風来庵風流記

縁側で、ひなたぼっこでもしながら、あれこれ心に映るよしなしごとを、そこはかとなく書き綴ります。

餅は餅屋

2010-07-24 02:50:03 | 時事放談
 道路の渋滞というものは、スムーズに流れている時から僅か5%交通量が増えただけでも起こるものです。旧聞に属しますが今月初めにゆうパックで発生した大規模な遅配も似たような状況で、僅かの狂いが原因だったとしても、起こるべくして起こったように見える事故の背後にあるマネージメントの問題は、見逃すわけには行きません。

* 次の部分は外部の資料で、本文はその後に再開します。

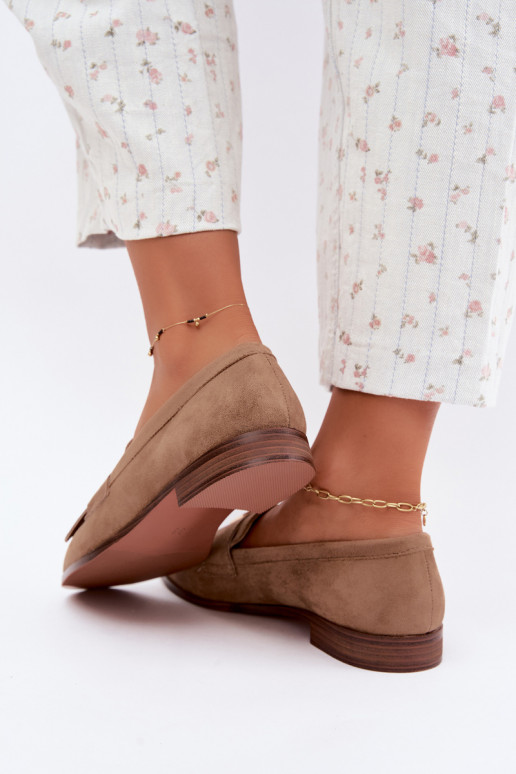 Mocassins beiges pour femmes avec franges et détails dorés Brenis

 7月1日と言えば、お中元の配送が解禁され、前の週に2倍に膨れ上がった荷物が一斉に出て行く、宅配業者にとっては作業負荷が増大する特別な日だそうです。よりによってそんな日に、日本郵便はペリカン便を本社に吸収しゆうパックと統合するという大事業を敢行し、ネットワークを再編しました。ところが方面別仕分けを行うターミナルでは、新しくなった仕分けラベルが読み取れないトラブルが続発し、末端の配達現場ではドライバーが慣れないハンディ端末の操作に戸惑い、顧客ごとに単価が違う旧ペリカン便の荷物の単価を照会しても金額が出てこない、そもそも元データが入力されていないといった事態が判明し、7月6日時点で、34万個を越える荷物に半日から1日程度の遅れが出たと発表されました。これはターミナル・レベルの遅延であり、最終的な配達レベルはもっと酷かったであろうことは想像に難くありません。
 民間企業に勤める普通のサラリーマンの感覚では、プロジェクト・マネージメントが甘いという初歩的でありながら致命的な問題、あり体に言えば、普通に客商売をする民間企業ならあり得ないこと、あってはならないことが起こったように映ります。

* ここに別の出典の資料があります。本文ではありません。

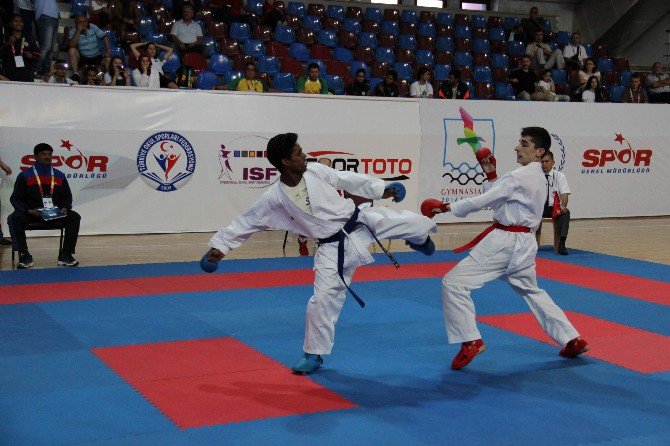 Dünya Okul Sporları Olimpiyatları Karate Müsabakaları İle Başladı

 これに対して、日本郵便の鍋倉社長(旧郵政省・元郵政民営化推進室副室長)は7月4日の記者会見で「現場の不慣れ」を原因に挙げ、当事者意識のない無責任ぶりを曝け出しました。案の定「現場」は反発し、6日に配布された社内文書で、「現場の不慣れ」はマスコミの誤報であって、社員の皆さんに責任があるのではない、などと火消しにこれ努めたそうですが、経営者としてお粗末な話です。15日に「サービスは正常化した」と発表した時、鍋倉社長は、お中元の荷物が集中する7月に統合したことに関し「判断は間違っていないと今でも思っているが、準備不足だった面はあった。反省している」と猿でも出来る反省だけはしているようでしたが、日本郵政の斎藤社長(元大蔵事務次官)は、「一刻も早く遅滞を回復するのが経営責任であり、社長以下一生懸命やってくれている」などと述べ、トラブルの経営責任を認める気配はありません。

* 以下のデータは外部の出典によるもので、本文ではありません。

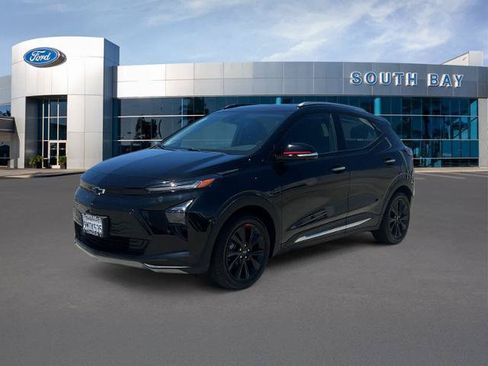 Used 2023 Chevrolet Bolt EUV Premier w/ Sun & Sound Package FWD image 1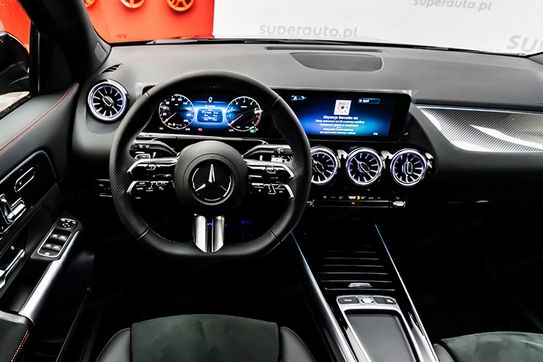 Mercedes GLA 220 4-Matic AMG Line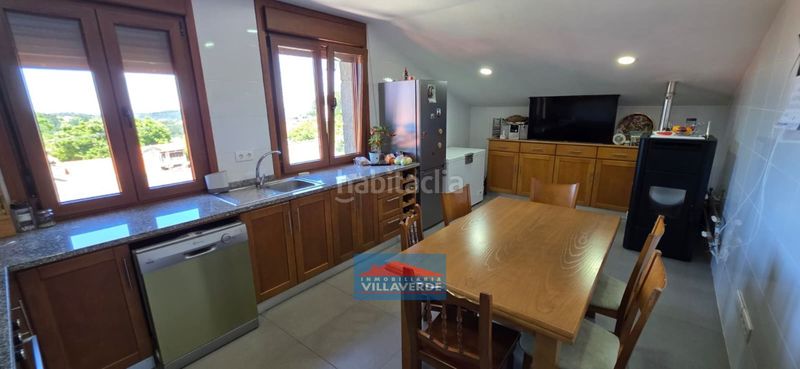 Foto b36dc2f3-045e-4917-ae4b-638c24366964. Casa amb aparcament a Marín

 最高責任者である原口総務大臣は、呼び出した鍋倉社長に対し、「日通との統合は前政権下で進められた民営化、事業計画もない状態で手続きだけが進んだ当時のガバナンスの脆弱性を象徴する事案だ。それを引き継いだ経営陣は、大変なご苦労があるかもしれない」と同情の言葉をかけたそうですが、混乱の原因を前政権(自民党)の計画に押し付け、現政権はその実行だけで無実だと言わんばかりのもののいいは、現政権の経営の無策ぶりを認めたようなもので、全くトンチンカン、理解不能です。
 参院選前、報道ステーションに呼ばれた亀井氏は、民間企業がきめ細かに対応している宅配事業を、何故、官営事業としてやらなければらないのかと、古舘さんから真顔で問われて、一言も明確に答えることなく、話をすり替えたことがありました。
 国民の誰もが「餅は餅屋」と思う基本を、何故か実行できない元官僚や政治家のこれらエピソードは、日本の財政の暴走を象徴します。